# sktime Preprocessing Transformers
Time series pipelines often need careful preprocessing before modeling. sktime provides a consistent transformer API
to handle detrending, deseasonalizing, variance stabilization, imputation, and feature generation.

## Core notation
Let a univariate series be $y_t$ for $t=1,\dots,T$. Common transforms include:

- First difference: $\nabla y_t = y_t - y_{t-1}$
- Seasonal difference: $\nabla_s y_t = y_t - y_{t-s}$
- Box-Cox: $y_t^{(\lambda)} = \frac{y_t^\lambda - 1}{\lambda}$ (or $\log y_t$ when $\lambda=0$)

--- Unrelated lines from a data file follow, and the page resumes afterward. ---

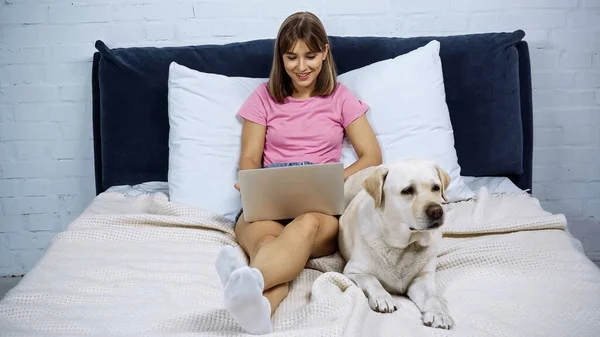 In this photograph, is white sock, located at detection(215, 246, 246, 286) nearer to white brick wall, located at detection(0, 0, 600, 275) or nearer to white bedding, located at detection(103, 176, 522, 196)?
white bedding, located at detection(103, 176, 522, 196)

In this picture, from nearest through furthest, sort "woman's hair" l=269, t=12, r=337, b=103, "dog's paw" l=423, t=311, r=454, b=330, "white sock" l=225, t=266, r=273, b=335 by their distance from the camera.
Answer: "white sock" l=225, t=266, r=273, b=335, "dog's paw" l=423, t=311, r=454, b=330, "woman's hair" l=269, t=12, r=337, b=103

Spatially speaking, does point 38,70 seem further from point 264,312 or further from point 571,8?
point 571,8

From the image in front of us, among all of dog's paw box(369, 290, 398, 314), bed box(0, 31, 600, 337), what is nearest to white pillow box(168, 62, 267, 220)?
bed box(0, 31, 600, 337)

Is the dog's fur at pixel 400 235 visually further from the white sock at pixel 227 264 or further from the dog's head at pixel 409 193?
the white sock at pixel 227 264

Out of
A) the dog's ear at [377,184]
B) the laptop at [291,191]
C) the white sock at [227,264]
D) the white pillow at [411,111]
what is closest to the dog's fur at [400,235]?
the dog's ear at [377,184]

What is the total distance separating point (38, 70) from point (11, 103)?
19 centimetres

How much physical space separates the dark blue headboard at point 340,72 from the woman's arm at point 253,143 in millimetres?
356

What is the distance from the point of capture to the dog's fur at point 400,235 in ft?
5.08

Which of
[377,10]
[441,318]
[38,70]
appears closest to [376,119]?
[377,10]

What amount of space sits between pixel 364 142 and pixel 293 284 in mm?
672

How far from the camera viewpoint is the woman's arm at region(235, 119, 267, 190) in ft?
7.24

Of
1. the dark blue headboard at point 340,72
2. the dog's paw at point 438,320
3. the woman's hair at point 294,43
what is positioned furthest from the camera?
the dark blue headboard at point 340,72

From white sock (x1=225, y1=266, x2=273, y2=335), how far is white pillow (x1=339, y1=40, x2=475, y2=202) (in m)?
0.98

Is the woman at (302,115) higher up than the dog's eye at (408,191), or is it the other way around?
the woman at (302,115) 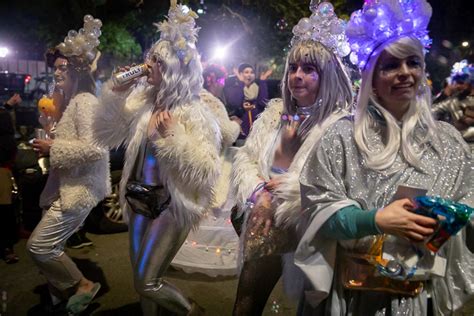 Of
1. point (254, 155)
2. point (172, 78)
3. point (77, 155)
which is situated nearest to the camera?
point (254, 155)

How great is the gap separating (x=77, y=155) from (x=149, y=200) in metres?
0.83

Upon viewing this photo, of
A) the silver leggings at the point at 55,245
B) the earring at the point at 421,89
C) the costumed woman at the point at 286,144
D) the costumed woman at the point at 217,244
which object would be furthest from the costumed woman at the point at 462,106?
the silver leggings at the point at 55,245

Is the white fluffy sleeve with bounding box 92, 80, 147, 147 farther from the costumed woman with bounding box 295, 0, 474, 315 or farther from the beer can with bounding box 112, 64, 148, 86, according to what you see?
the costumed woman with bounding box 295, 0, 474, 315

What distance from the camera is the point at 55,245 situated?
3471 millimetres

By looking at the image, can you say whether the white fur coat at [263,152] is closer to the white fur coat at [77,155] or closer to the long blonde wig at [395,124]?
the long blonde wig at [395,124]

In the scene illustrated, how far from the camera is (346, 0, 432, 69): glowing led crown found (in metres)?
1.83

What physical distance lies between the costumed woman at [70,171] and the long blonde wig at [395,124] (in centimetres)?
237

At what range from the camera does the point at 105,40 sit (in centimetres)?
1230

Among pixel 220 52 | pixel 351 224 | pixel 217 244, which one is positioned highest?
pixel 220 52

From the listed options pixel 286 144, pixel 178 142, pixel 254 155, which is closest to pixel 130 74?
pixel 178 142

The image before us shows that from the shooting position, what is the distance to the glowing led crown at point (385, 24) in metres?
1.83

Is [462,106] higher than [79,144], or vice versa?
[462,106]

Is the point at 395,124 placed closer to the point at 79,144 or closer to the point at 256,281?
the point at 256,281

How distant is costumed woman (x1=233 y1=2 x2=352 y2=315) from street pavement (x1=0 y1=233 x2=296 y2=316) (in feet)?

## Why preprocessing matters
- Improve stationarity so models can focus on short-term dynamics
- Separate trend/seasonal components for cleaner residuals
- Handle missing data and stabilize variance
- Provide robust lagged or window-based features

## Common transformer families in sktime
- **Trend/seasonality**: `Detrender`, `Deseasonalizer`
- **Differencing**: `Differencer`
- **Variance stabilization**: `BoxCoxTransformer`
- **Missing data**: `Imputer`
- **Feature engineering**: `Lag`, `WindowSummarizer`, `FourierFeatures`

## Quick visual: differencing a seasonal series

In [None]:
import numpy as np
import pandas as pd
import plotly.graph_objects as go
from plotly.subplots import make_subplots

rng = np.random.default_rng(42)
t = np.arange(0, 120)
trend = 0.05 * t
season = 2.0 * np.sin(2 * np.pi * t / 12)
noise = rng.normal(0, 0.5, size=t.size)
y = trend + season + noise

y_diff = np.diff(y, n=1)

fig = make_subplots(rows=2, cols=1, shared_xaxes=True, vertical_spacing=0.1)
fig.add_trace(go.Scatter(x=t, y=y, name="original"), row=1, col=1)
fig.add_trace(go.Scatter(x=t[1:], y=y_diff, name="first difference"), row=2, col=1)
fig.update_layout(height=500, title="Original vs First Difference")
fig.show()

## sktime pipeline example
The `TransformedTargetForecaster` applies a sequence of transformations before forecasting.

In [None]:
import plotly.graph_objects as go

from sktime.datasets import load_airline
from sktime.forecasting.compose import TransformedTargetForecaster
from sktime.forecasting.model_selection import ForecastingHorizon, temporal_train_test_split
from sktime.forecasting.naive import NaiveForecaster
from sktime.transformations.series.boxcox import BoxCoxTransformer
from sktime.transformations.series.detrend import Detrender, Deseasonalizer

y = load_airline()
y_train, y_test = temporal_train_test_split(y, test_size=36)
fh = ForecastingHorizon(y_test.index, is_relative=False)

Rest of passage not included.